─── EXCERPTED RECORDS ───

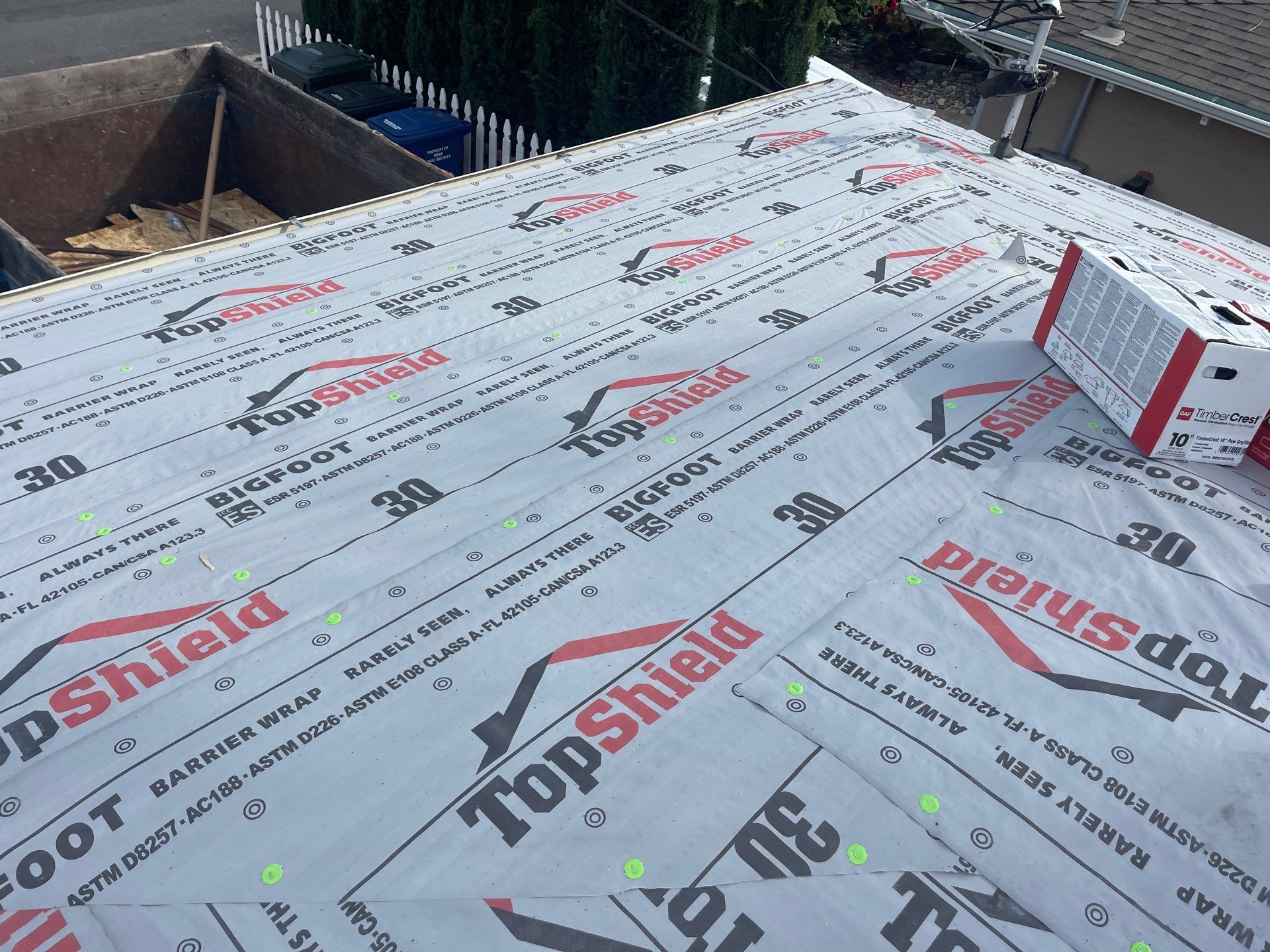 Residential Roofing Replacement using GAF Timberline Reflector Series by Acker Roofing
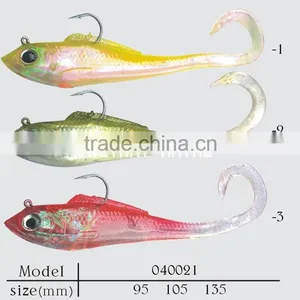 Swimbait Imbeded Lead Soft Shad Lure thumbnail-1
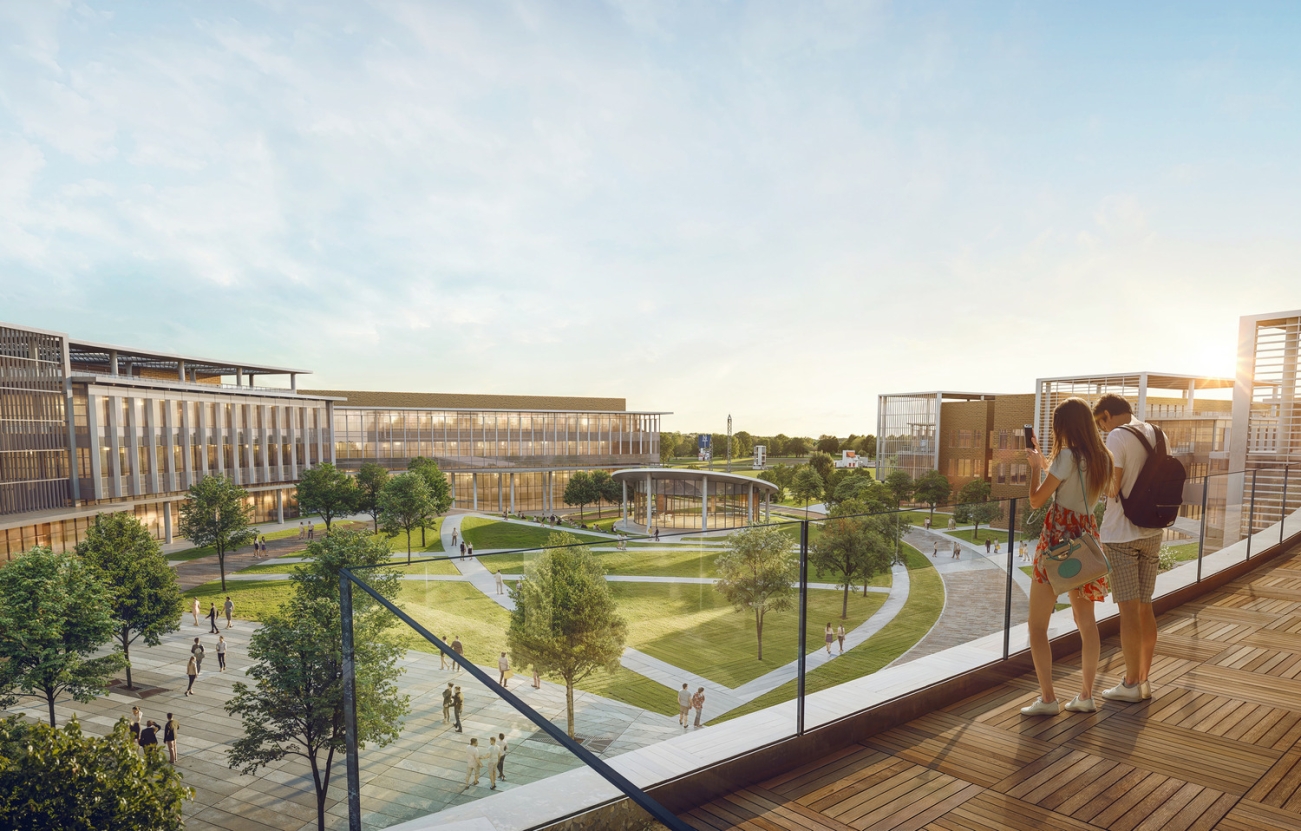 View of quad from balcony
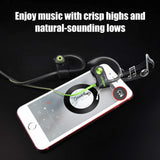 LETSCOM Bluetooth Headphones IPX7 Waterproof, Wireless Sport Earphones - GreenBlack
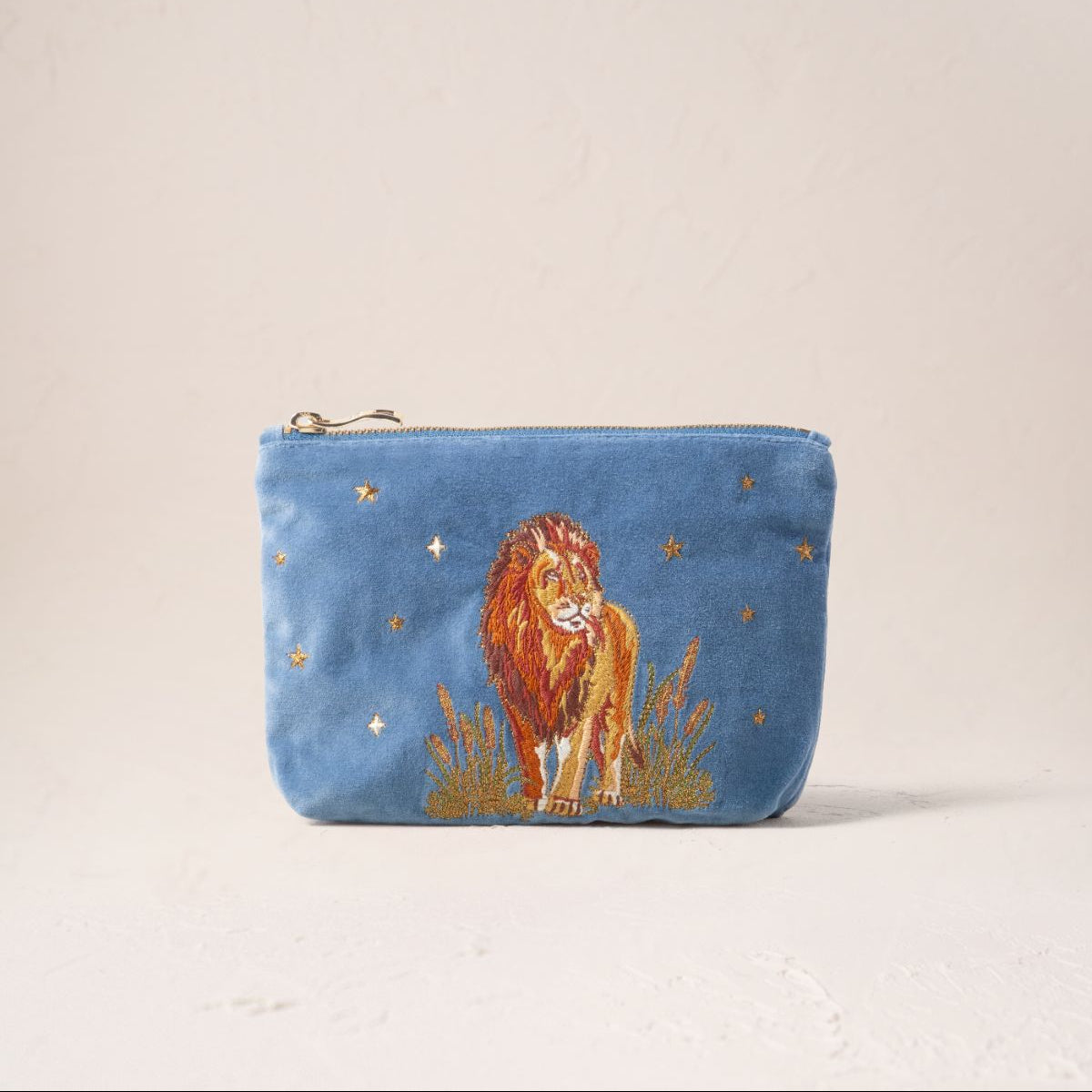 Lion Pride Mini Pouch - Dusky Blue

───

== EXERCISE INSTRUCTIONS ==
An acceptable answer holds exactly the lines from the one with "Swimbait Imbeded Lead" through the end of the entries above, both ends kept, and no pictures at all.

== TASK SOLUTION ==
 Swimbait Imbeded Lead Soft Shad Lure thumbnail-1
 View of quad from balcony
 LETSCOM Bluetooth Headphones IPX7 Waterproof, Wireless Sport Earphones - GreenBlack
 Lion Pride Mini Pouch - Dusky Blue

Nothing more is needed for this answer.